28 pessoas, a maioria civis, morreram nos ataques no Ministério da
Educação, Ministério da Justiça e em outros pontos da cidade naquele dia, em
2009. Adiante, autoridades norte-americanas acusaram a Rede Haqqani – grupo
nebuloso que operava a partir do Paquistão e que inaugurara a tática de usar
vários suicidas-bombas em ataques urbanos que estiveram em todas as manchetes.
Diferente de outros grupos Talibã, a abordagem dos Haqqanis era “global”
e sofisticada: recrutavam árabes, paquistaneses e até europeus, influenciados
pelo mais radical pensamento islamista. O líder deles, o septuagenário senhor
da guerra Jalaluddin Haqqani, era uma espécie de Osama bin Laden e Al Capone
reunidos numa só pessoa, tão ferozmente ideológico quanto cruelmente
pragmático.
Grupo Talibã |
Tanto que, muitos anos depois, seus seguidores continuam a lutar. Mesmo
com os EUA retirando a maior parte de seus soldados esse ano, ainda assim 10
mil agentes das Forças Especiais, paramilitares da CIA e seus
agregados lá permanecerão, para dar combate aos Haqqanis, aos Talibã e a grupos
semelhantes, numa guerra que parece não ter fim. Com inimigos assim tão
entrincheirados, o conflito ganhou hoje ares de inevitabilidade. Mas as coisas
poderiam ter tomado rumo completamente diferente.

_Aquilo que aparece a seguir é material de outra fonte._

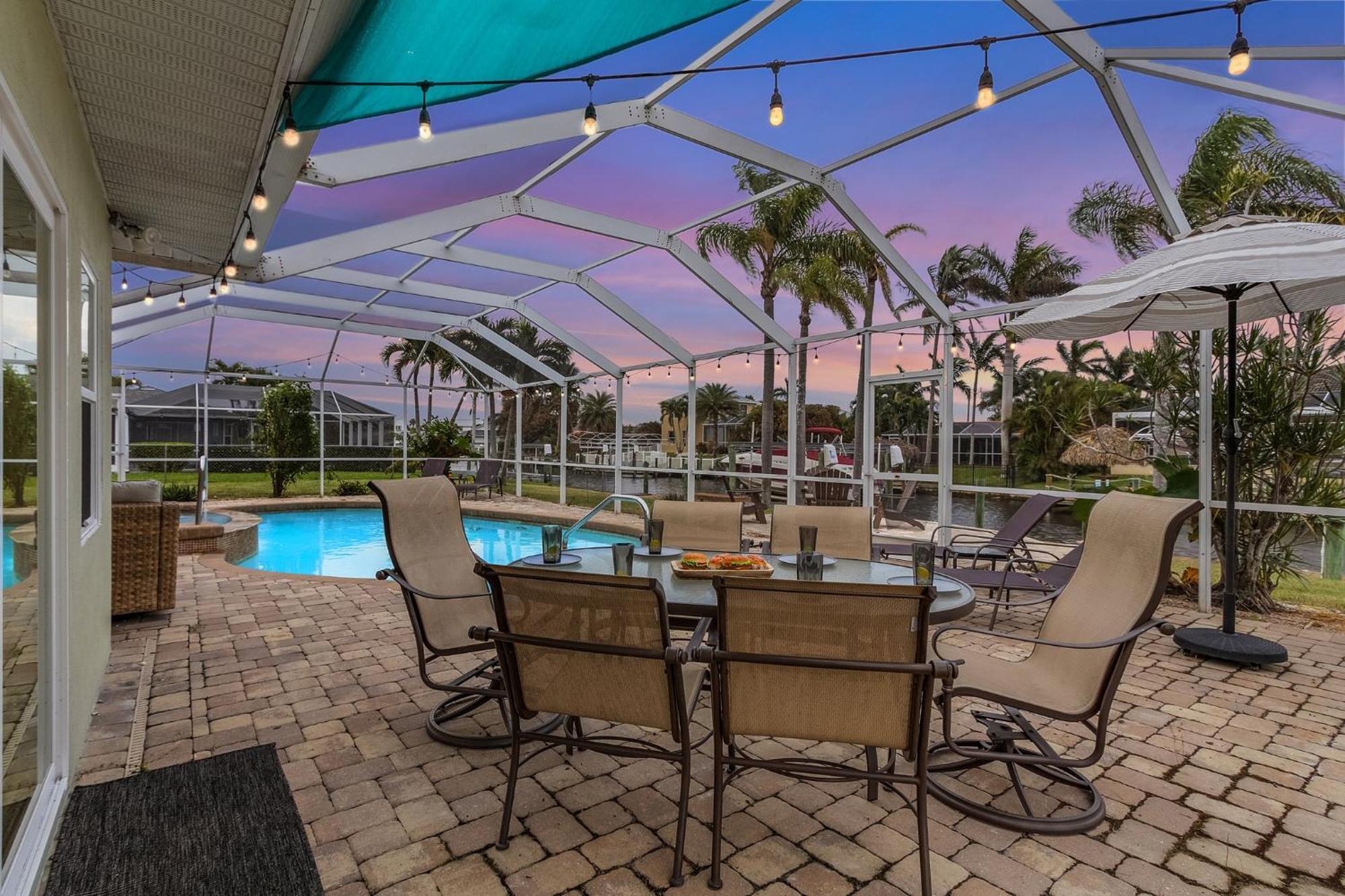 Boating & Fishing Enthusiasts, Heated Pool And Spa, Bicycles - Latitude Adjustment - Roelens Vila Cape Coral Exterior foto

Hoje já é difícil imaginar, mas em meados de 2002 não havia insurgência
alguma no Afeganistão: a al-Qaeda fugira do país e os Talibã já não existiam
como movimento militar. Jalaluddin Haqqani e outras altas figuras dos Talibã
estavam tentando contacto com o outro lado para firmar acordos e depor armas.
Mas centenas de milhares de soldados dos EUA já haviam chegado a solo afegão,
depois do 11/9/2001, com um único objetivo: fazer guerra ao terror.
Como já escrevi em meu novo livro No Good Men Among the Living:
America, the Talibã, and the War Through Afghan Eyes, os EUA fariam aquela guerra em qualquer caso, mesmo que não houvesse
inimigo a combater.
Para compreender como a guerra dos EUA no Afeganistão deu tão errado,
por tanto tempo, é indispensável conhecer um pouco da história (oculta)
daqueles dias.
Nos primeiros anos depois de 2001, movida pela ideia fixa de que o mundo
dividia-se rigidamente entre terroristas e não terroristas, Washington aliou-se
a senhores da guerra e chefetes de grupos armados afegãos. Os inimigos deles
passaram a ser inimigos dos EUA e, com inteligência sempre precária e
insuficiente, a luta comum desses todos foi reembalada sob o rótulo de
“contraterrorismo”.
A história de Jalaluddin Haqqani, que se converteu, de aliado potencial
dos EUA, em seu principal inimigo, é caso paradigmático de como a guerra ao
terror gerou os próprios inimigos que ela visava a erradicar.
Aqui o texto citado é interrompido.